養育費を支払う側が再婚した場合、養育費減額が認められるかどうかは再婚相手の収入等の状況により左右されます。今回のように、再婚相手との間に子が生まれた場合、その子に対する扶養義務が生じるため、養育費の減額が認められる可能性は高いでしょう。
では実際に養育費を減額するためには、どのような手続きを取ればよいのでしょうか。
1つは元配偶者と再度協議を行い、養育費の減額を認めてもらった上で再度公正証書を作成するという方法です。
協議をしても折り合いがつかない場合は裁判所へ養育費減額調停を申し立てます。これも元配偶者と協議をする手続きにはなりますが、調停委員の仲介もあり、より円滑な話し合いが期待できます。

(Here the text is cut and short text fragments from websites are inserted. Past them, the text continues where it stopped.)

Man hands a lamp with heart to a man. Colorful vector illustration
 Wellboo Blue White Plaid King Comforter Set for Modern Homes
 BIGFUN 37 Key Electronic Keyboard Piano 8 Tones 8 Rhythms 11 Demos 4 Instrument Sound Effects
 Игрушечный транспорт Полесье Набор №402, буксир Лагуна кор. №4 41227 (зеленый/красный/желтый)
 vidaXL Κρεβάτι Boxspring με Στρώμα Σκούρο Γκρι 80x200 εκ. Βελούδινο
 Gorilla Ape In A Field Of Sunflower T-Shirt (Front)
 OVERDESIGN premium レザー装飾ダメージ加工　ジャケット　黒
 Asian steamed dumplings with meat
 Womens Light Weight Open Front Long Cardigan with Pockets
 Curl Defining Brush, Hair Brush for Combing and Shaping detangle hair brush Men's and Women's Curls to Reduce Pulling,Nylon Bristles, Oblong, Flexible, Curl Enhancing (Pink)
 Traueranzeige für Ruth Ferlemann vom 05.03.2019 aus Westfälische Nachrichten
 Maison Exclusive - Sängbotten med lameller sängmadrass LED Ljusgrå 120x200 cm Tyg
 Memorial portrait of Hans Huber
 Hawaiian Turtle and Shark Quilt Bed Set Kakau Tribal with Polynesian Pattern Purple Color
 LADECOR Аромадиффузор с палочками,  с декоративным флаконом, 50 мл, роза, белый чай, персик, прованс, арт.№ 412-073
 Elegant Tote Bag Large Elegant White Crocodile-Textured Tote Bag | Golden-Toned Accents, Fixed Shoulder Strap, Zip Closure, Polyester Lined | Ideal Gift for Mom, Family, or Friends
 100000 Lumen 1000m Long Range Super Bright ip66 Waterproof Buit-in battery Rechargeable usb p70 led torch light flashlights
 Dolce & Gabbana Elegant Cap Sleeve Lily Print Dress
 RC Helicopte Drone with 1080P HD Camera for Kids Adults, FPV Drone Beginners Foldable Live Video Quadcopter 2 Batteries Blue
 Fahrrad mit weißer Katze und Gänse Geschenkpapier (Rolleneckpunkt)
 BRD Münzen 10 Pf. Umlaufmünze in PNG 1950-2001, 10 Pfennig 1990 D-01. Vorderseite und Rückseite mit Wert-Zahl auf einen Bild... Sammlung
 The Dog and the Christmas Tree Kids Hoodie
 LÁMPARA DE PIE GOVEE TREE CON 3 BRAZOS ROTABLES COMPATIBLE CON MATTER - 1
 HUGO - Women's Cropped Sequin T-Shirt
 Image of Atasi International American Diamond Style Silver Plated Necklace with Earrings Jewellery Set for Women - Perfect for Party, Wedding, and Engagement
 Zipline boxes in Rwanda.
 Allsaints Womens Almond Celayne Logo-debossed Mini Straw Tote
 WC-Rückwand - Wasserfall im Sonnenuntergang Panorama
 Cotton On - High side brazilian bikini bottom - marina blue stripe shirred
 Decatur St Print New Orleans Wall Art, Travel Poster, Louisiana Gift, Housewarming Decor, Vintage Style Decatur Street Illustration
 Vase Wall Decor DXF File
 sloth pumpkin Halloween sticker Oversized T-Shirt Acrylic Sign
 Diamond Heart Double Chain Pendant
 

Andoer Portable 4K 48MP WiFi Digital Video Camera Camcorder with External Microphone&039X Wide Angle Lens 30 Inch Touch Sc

調停が成立しなかった場合は、自動的に審判という手続きに移行することとなり、それぞれの現在の状況を考慮して裁判所が適切な養育費を算定します。調停や審判によって養育費の減額が認められた場合は、裁判所が正式な書類を作成しますので、新たに公正証書を作成する必要はありません。
本件においては、公正証書を作成して養育費を支払っているとのことですから、以上のような適切な手続きをとらずに養育費を減額した場合、元配偶者から給与債権などへの強制執行を受ける可能性があります。
たとえ養育費の減額が認められる事情があったとしても、元配偶者との間で協議して減額することについて改めて合意するか、または審判で減額することが認められていない限り、養育費を支払う側の判断で勝手に減額することは法的に適切な方法ではありません。
勝手に養育費を減額してしまった結果、思わぬ不利益が生じる恐れもあります。まずは弁護士に相談することも検討してみてはいかがでしょうか。